İSTANBUL (AA) - Kategori Mağazacılığı Derneği (KMD) Yönetim Kurulu Başkanı Yenal Gökyıldırım, krkedi kartında taksit sınırının, sorunu çözmediğini, alış verişi, senete, veresiyeye mecbur bırakarak, piyasayı kayıt dışı ve faize muhatap kıldığı tespitini yaptı. Gökyıldırım, piyasanın rahatlaması için, kredi kartında taksit konusunun yeniden ele alınmasını istedi.

"Taksit sayısı tekrar artmalı"

Gökyıldırım, organize perakendenin kayıtdışı ile mücadelede önemine değinerek, şu ifadeleri kullandı:

"Ancak geçtiğimiz aylarda kredi kartlarına taksit sınırlandırmaları geldi. Bu sınırlandırma veresiye veya senetle alışverişi getirdi. Siz normal enstrümanları kullanamazsanız ihtiyacınızı giderme için senetle alacaksınız. Senetle aldığınızda da yüksek faiz ödüyorsunuz. Burada işin bir kısmı kayıtdışına kayıyor ve bu nedenle vergi kaybı oluyor. Sonunda ülkemiz kaybediyor. Kredi kartındaki taksit sınırlandırmasının tekrar gözden geçirilmesi ve rahatlatıcı adımlar atılmasını arzu ediyoruz.

Kirada, dövize değil ciroya bakılmalı

KMD tarafından bu yıl beşincisi düzenlenen ve 500'e yakın üst düzey yöneticinin katıldığı "Perakende Teknolojileri Konferansı" başladı.

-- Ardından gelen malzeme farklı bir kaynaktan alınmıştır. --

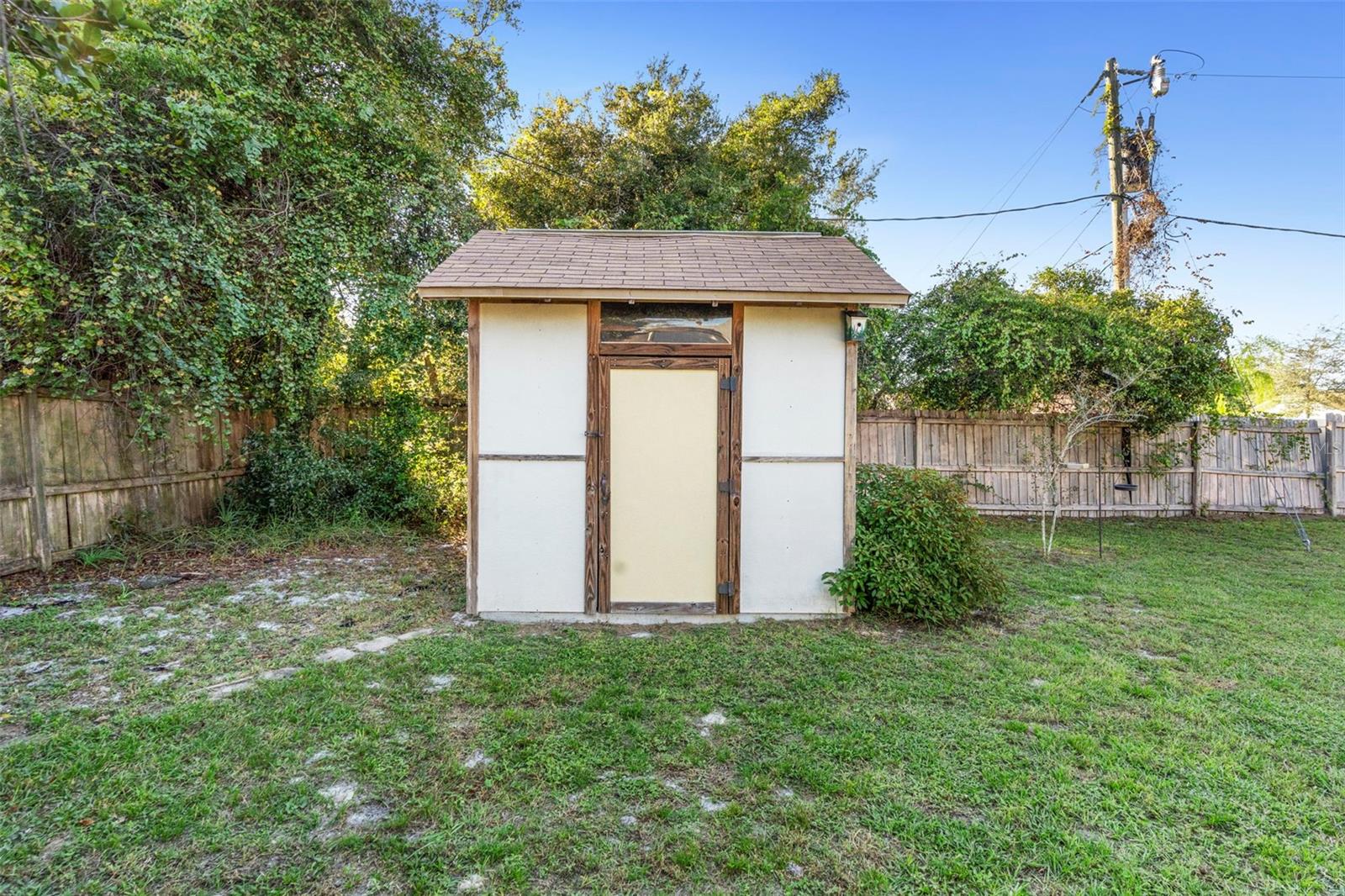 Image 26 of 29 For 2482 Tipton Drive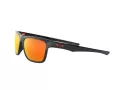 Oakley Holston Lunettes de Soleil OO 9334 12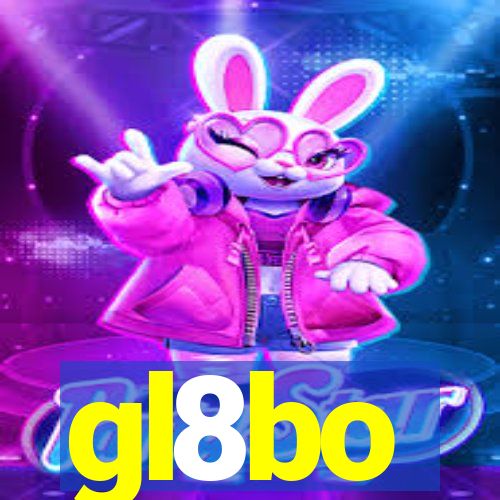 gl8bo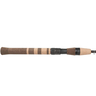 G Loomis Trout Series Spinning Rod - 6ft 8in, Ultra Light Power, Fast Action, 2pc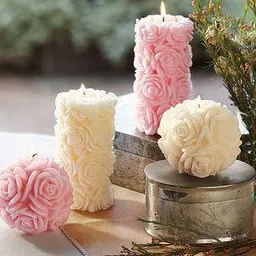 pickkart Scented Candles Candle-picture-42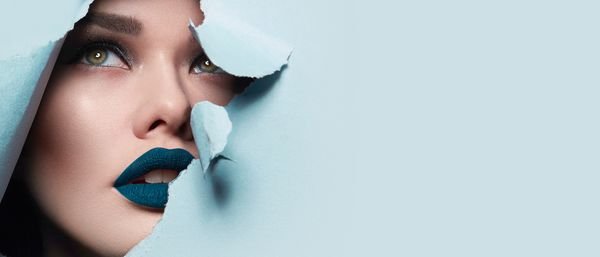  عکس نوشته تخفیف ویژه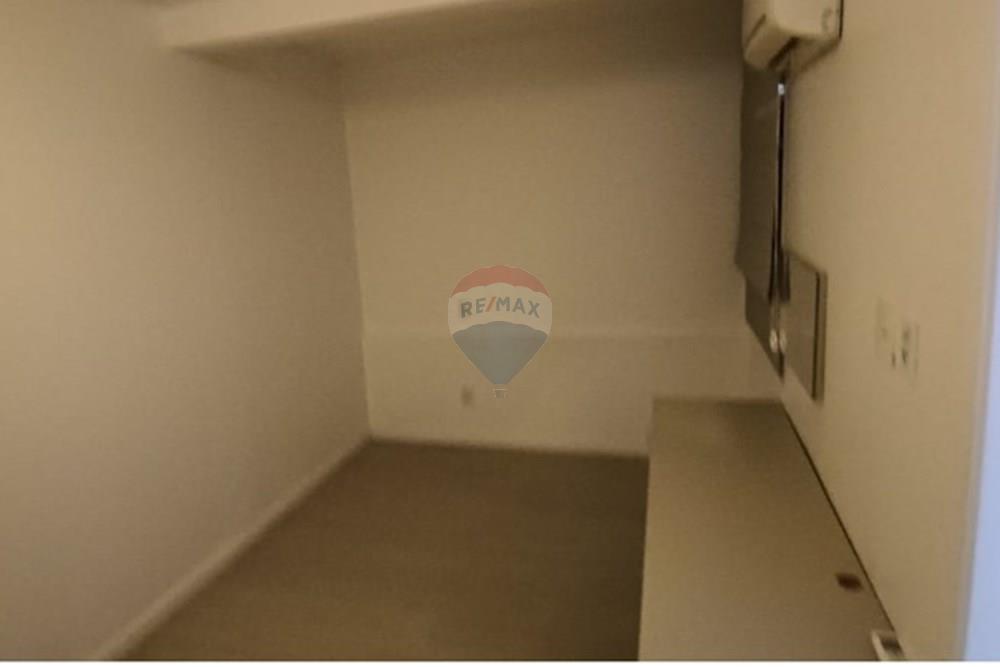 Casa de Condomínio - Venda - Eusébio , Ceará - WhatsApp Image 2026-02-20 at 14.40.08 (2).jpeg - 721621174-10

Perakendeye özel teknolojik çözümlerin ve gelişmelerin değerlendirildiği konferansın açılışında konuşan Gökyıldırım, dernek üyelerinin Türkiye çapında yaklaşık 6 bin satış noktasında 165 bin kişilik bir istihdam ve 82,5 milyar TL seviyesinde ciro oluşturduğunu söyledi.

AVM'lerde kiralama işlemlerinde TL'ye dönülmesine ilişkin, Burada, hangi kurdan dönüleceğine dair ucu açık kalan bir kısım vardı. 30 günlük süreden kalan 10 gün içinde kazan-kazan anlayışı içinde bir noktaya varılacağını düşünüyoruz." diyen Gökyıldırım, şu değerlendirmelerde bulundu:

"Bu işin daha sürdürülebilir olması için bizim talebimiz kiralamaların TL, avro veya dolar üzerinden değil ciro bazlı olması. Çünkü her sektörün kaldırabileceği bir kira-ciro oranı var. Bu da zaten uluslararası olarak biliniyor. Eğer biz bu oranlarda ve kriterlerde anlaşıp kiralarımızı ciro üzerinden ödemeye başlarsak önümüzdeki dönemlerde ne avroyu, ne enflasyonu ne de doları konuşuruz. Bu konu iki tarafı da kazan-kazan anlayışı ile mutlu eder."